Aujourd'hui, avec ce projet là je ne vends rien car j'ai choisi de diffuser mon son gratuitement. Dans un univers aussi durement concurrentiel et financièrement sinistré que le rap et vu que je fais un truc un peu à part, je ne veux pas me priver d'une audience pour 5 ou 10 euros. Je gagne de l'argent sans la musique et ceci finance cela et plus encore. Y en a qui se payent des voitures, moi je me paye des clips et surtout, je me fais plaisir. Demain je ne compte pas vendre grand chose non plus. C'est aussi une liberté, je n'ai pas d'objectifs de rentabilité, je fais ce que je veux à tous niveaux.
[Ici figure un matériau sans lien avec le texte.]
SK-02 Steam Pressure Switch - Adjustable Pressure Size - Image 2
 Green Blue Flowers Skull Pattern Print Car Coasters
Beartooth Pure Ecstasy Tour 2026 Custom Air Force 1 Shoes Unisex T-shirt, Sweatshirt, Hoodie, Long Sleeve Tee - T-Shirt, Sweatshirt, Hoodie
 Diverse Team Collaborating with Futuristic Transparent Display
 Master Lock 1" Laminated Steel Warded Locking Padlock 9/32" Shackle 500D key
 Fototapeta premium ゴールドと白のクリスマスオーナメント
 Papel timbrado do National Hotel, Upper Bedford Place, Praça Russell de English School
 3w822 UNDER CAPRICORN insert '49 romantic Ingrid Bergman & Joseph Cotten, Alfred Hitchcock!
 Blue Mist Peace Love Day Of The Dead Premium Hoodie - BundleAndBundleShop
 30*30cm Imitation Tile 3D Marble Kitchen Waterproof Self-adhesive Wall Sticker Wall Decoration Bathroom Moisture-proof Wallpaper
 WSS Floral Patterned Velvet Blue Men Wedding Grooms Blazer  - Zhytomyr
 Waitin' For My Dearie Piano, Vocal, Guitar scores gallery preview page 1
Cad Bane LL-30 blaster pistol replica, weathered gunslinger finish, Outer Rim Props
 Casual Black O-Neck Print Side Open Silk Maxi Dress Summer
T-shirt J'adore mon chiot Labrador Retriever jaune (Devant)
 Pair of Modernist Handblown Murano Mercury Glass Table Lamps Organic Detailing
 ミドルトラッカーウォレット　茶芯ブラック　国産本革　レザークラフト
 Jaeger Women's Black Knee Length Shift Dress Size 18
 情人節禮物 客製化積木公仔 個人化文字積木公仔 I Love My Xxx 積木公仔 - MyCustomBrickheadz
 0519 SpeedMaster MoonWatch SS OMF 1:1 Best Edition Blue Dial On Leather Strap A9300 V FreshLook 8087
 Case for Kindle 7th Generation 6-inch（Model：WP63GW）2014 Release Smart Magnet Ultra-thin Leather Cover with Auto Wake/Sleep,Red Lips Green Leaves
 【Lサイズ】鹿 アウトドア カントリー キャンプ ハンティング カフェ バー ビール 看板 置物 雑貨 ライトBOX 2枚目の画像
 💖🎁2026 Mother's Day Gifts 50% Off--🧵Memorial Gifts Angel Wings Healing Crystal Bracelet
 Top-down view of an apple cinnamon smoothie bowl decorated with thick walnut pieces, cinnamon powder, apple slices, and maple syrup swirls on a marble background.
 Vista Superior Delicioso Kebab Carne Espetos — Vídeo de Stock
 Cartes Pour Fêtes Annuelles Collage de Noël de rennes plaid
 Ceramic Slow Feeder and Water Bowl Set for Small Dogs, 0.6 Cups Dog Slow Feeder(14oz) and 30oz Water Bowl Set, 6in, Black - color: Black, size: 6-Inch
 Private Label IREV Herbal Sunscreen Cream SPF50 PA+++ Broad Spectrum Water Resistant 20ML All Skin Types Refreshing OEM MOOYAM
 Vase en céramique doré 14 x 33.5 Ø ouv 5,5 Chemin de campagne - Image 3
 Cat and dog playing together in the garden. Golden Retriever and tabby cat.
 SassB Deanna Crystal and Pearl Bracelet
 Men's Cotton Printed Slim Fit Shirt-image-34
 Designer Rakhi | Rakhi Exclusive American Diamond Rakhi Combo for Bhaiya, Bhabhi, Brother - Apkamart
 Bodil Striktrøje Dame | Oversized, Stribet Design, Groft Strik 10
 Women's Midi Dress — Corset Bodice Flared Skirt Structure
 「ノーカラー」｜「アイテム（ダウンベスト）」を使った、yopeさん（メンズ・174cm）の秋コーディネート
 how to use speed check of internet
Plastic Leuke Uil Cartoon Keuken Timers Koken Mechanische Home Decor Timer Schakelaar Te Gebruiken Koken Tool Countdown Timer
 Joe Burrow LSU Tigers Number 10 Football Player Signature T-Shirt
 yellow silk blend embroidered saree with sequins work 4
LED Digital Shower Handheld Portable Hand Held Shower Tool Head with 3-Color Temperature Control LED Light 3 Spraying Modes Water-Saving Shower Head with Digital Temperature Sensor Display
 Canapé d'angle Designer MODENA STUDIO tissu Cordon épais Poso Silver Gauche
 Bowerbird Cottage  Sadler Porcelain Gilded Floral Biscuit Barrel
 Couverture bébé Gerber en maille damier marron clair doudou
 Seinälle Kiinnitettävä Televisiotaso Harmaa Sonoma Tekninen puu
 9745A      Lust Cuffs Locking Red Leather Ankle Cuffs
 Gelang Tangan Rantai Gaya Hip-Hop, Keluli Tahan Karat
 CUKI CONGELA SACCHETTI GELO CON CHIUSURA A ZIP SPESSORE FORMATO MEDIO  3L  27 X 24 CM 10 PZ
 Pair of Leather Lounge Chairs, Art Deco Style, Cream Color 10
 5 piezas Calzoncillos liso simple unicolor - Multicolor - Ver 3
Mon but c'est de grossir mon audience autant que possible, que les gens m'écoutent, aiment et partagent, que mon blaze se fasse tranquillement sa petite place. Si argent il y a, ça viendra après. Mon audience est diverse. Une partie vient de ceux qui m'écoutaient quand j'étais dans le Bhale Bacce Crew, une partie a pu suivre aussi mes aventures musicales avec Cosmar et une partie est toute neuve et me découvre avec l'EP et les clips. Après je ne saurais pas te dire les tranches d'âge, le sexe etc...J'aime croire qu'il y a un peu de tout. J'aime aussi bcp quand des gens qui n'écoutent pas trop de rap apprécient ce que je fais et ça arrive régulièrement….même si le revers de ça c’est que parfois ce sont des gens qui ne comprennent pas vraiment le rap ;).

Quels sont tes influences ? (niveau son, écriture, "savoir vendre"...)

Niveau son, j'aime tout ce qui est lent et un tantinet synthétique. Soit quelque chose qu'on trouve surtout au sud des US. Du gros clap, de l'infrabasse, des nappes, c'est ce que j'aime.

A côté de ça, je suis aussi un gros gros fan de Jim Jones (Dipset - NewYork) par exemple. J'aime bien aussi des mecs comme Dom Kennedy (Los Angeles), ça m'inspire vraiment.

Côté France, c'est varié, j'aime bien les trucs à la cool façon Frer200 mais aussi beaucoup de trucs un peu plus vénèr et/ou sombres comme Vîrus, La Rumeur, Kaaris, Booba, Salif, Seno, etc. J'aime bien l'insécurité - même folklorique -, dans le rap français. Et moi-même, en fait, je ne fais jamais des morceaux franchement souriants, j'y arrive pas. Faut qu'il y ait du tourment, qui peut aller de la mélancolie à la haine. La haine smooth, bien sûr !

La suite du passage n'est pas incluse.